Given information
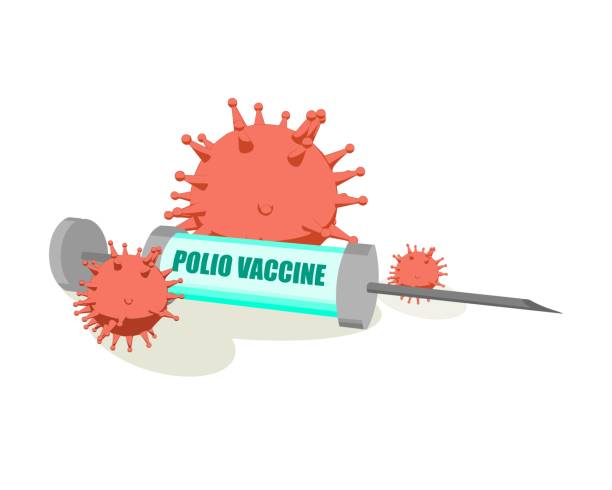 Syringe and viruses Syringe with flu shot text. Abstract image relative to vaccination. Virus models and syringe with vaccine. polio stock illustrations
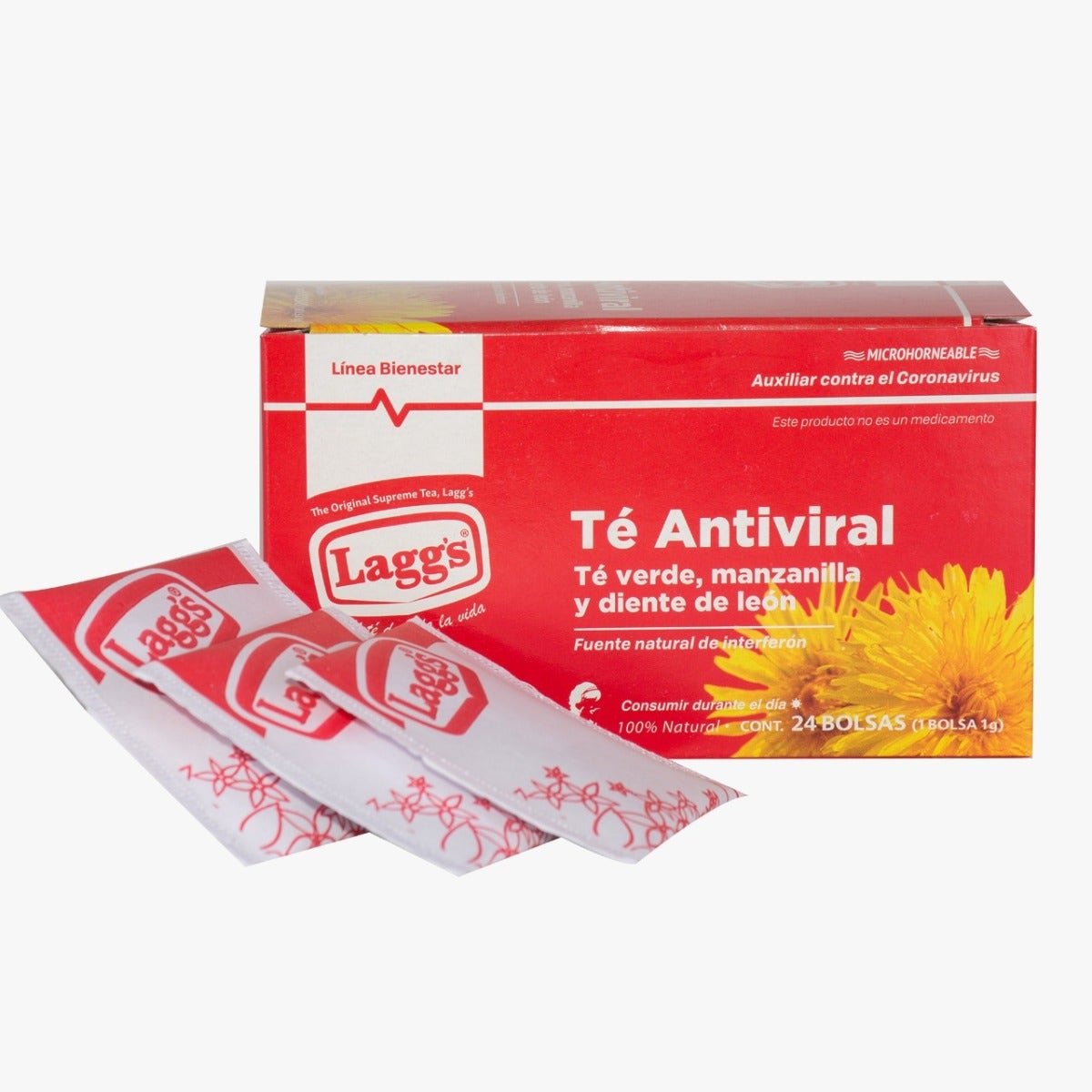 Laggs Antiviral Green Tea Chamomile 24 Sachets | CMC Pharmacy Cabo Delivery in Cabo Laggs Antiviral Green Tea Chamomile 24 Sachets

...

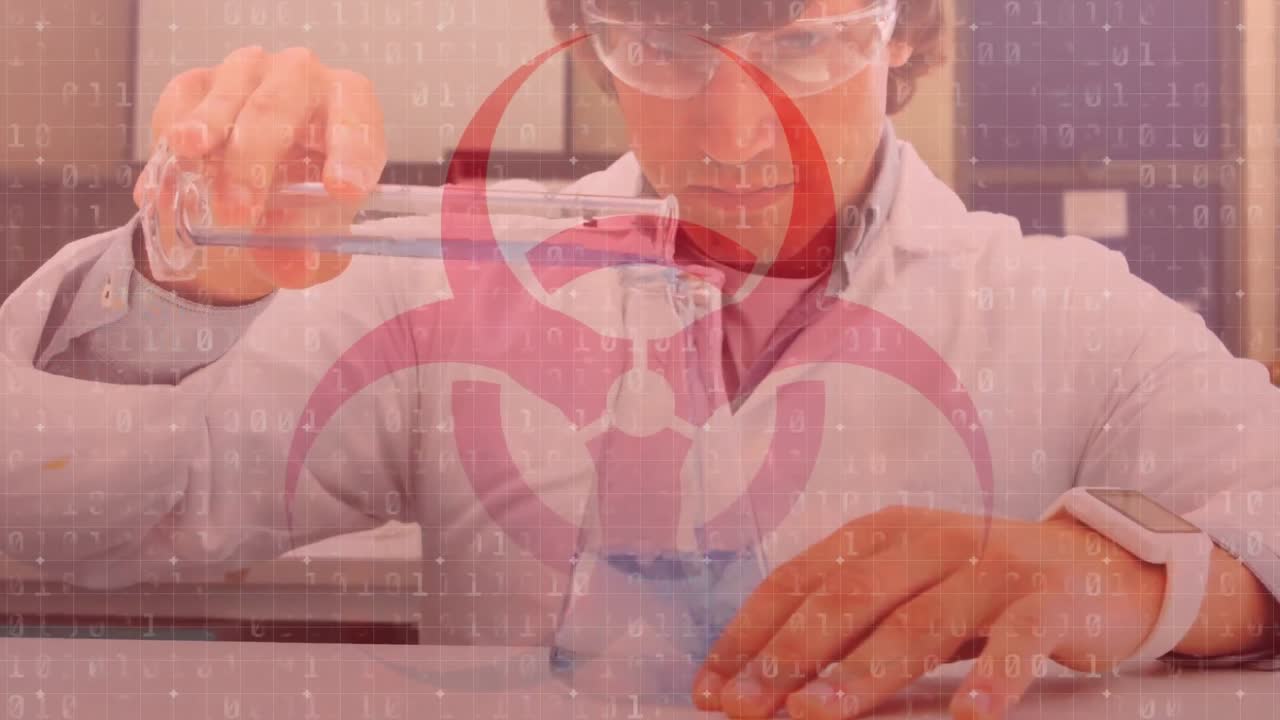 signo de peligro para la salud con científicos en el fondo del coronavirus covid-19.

Activity
Only the lines above from the one with "Syringe and viruses" to the one with "Laggs Antiviral Green Tea Chamomile 24 Sachets |" should be printed, both included and exactly as written; no picture belongs in the copy.

Task solution
 Syringe and viruses Syringe with flu shot text. Abstract image relative to vaccination. Virus models and syringe with vaccine. polio stock illustrations
 Laggs Antiviral Green Tea Chamomile 24 Sachets | CMC Pharmacy Cabo Delivery in Cabo Laggs Antiviral Green Tea Chamomile 24 Sachets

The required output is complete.